Separately, new applications for state jobless benefits dropped to 460,000 last week from 474,000 in the prior week, the Labor Department said, pointing to a gradual labor market recovery.

U.S. stocks were higher at the open, while Treasury debt prices were down sharply in early trade. The U.S. dollar fell versus the euro.


Output in the first three months of the year was revised down as business spending rose at only a 3.1 percent rate instead of the 4.1 percent initially reported last month. Spending grew at a 5.3 percent pace in the fourth quarter.

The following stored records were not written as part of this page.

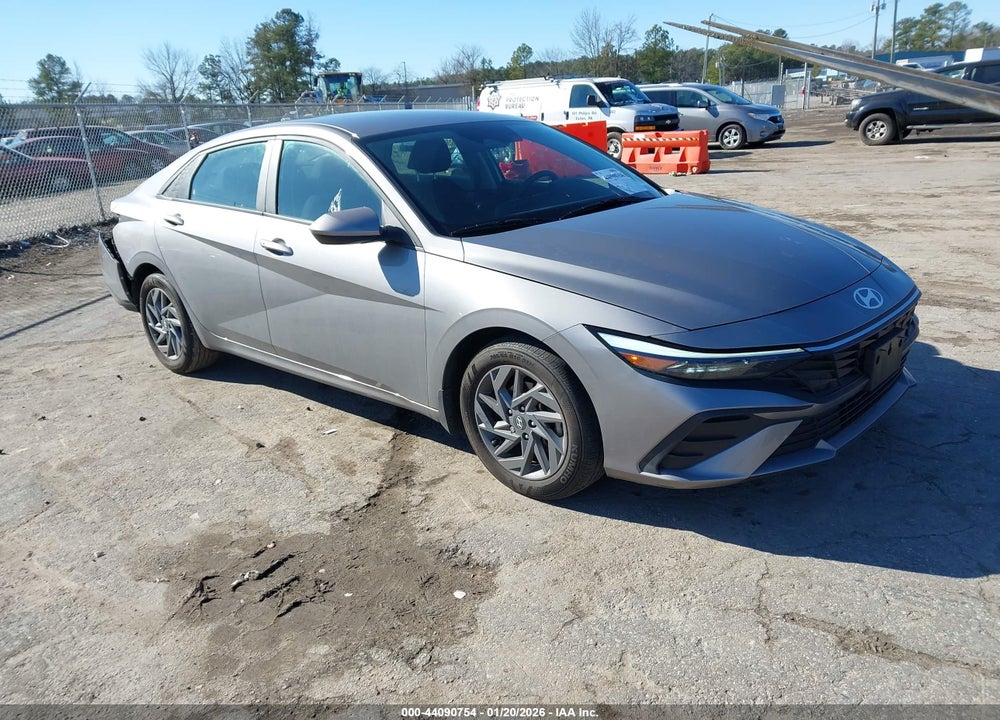 2024 HYUNDAI ELANTRA SEL VIN: KMHLM4DGXRU680135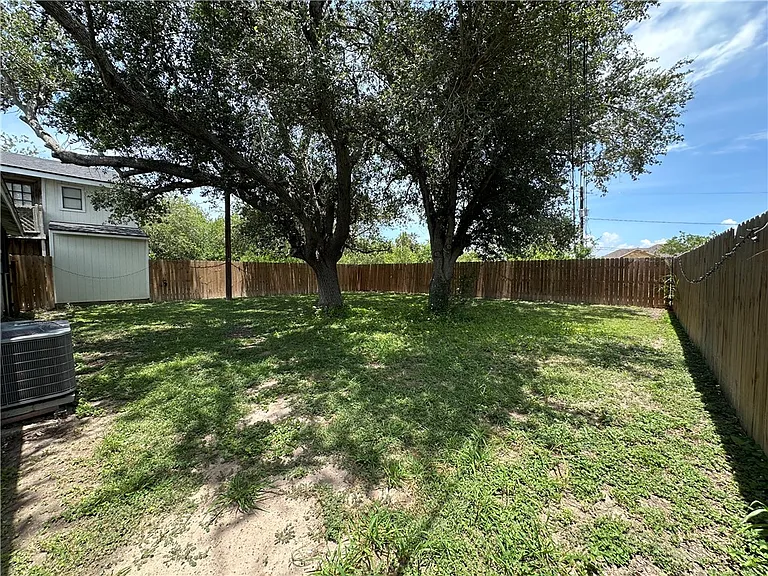 11150 Interstate Highway 37 #B — Photo 21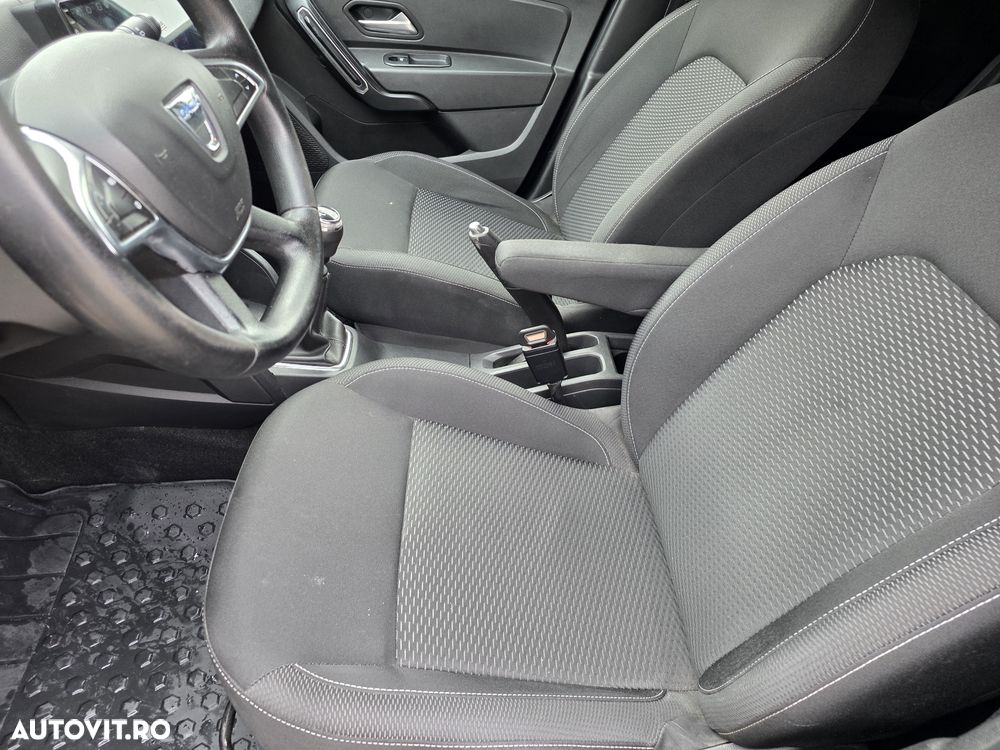 Dacia Duster 1.5 Blue dCi 4WD Prestige jante 16" - 8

Business spending on software and equipment increased at a 12.7 percent rate rather than the 13.4 percent rate reported last month.

State and local government spending contracted at a 3.9 percent rate, the largest decline since the second quarter of 1981. However, consumer spending, which is key to the economy's recovery, held up well.

Consumer spending increased at a 3.5 percent rate, rather than the 3.6 percent rate reported last month. Although it was revised down slightly, it was still more than double the 1.6 percent pace in the fourth quarter and the largest advance since the first quarter of 2007.

Consumer spending, which normally accounts for 70 percent of U.S. economic activity, added 2.42 percentage points to GDP last quarter, the largest contribution since the first quarter of 2007.

Real final sales to domestic purchasers, considered a better measure of domestic demand, rose at a 2.0 percent rate. Sales were previously estimated to have increased at a 2.2 percent rate following a 1.4 percent rise in the fourth quarter.

Recovery from the longest and deepest recession since the Great Depression had so far been largely driven by the manufacturing sector as businesses replenished their warehouses to meet strengthening demand. Consumers, however, are now participating as the labor market begins to firm.

The GDP report also showed after tax corporate profits rose 2.1 percent in the first quarter after increasing 6.5 percent in the final three months of 2009. The slowdown in profit growth could dampen hopes of an acceleration in the labor market's improvement.

In the first quarter, the rebuilding of stocks by businesses to meet firming demand gathered momentum. Business inventories rose $33.9 billion rather than the $31.1 billion reported last month. It was the first increase since the first quarter of 2008.

That contributed 1.65 percentage points to overall economic output during the quarter.

Excluding inventories, the economy expanded at a 1.4 percent pace, instead of the previously estimated 1.6 percent rate.

In addition to the weak state and local government spending, a downturn in construction was also a drag on growth in the first quarter. New home construction fell at a 10.7 percent rate, after expanding for two straight quarters.

Spending on structures dropped at a 15.3 percent rate instead of the 14 percent reported last month. While the slowdown in export growth was not as sharp as initially estimated last month, it was overshadowed by a rise in imports.

That left a trade deficit, which subtracted 0.66 percentage points from first-quarter economic growth.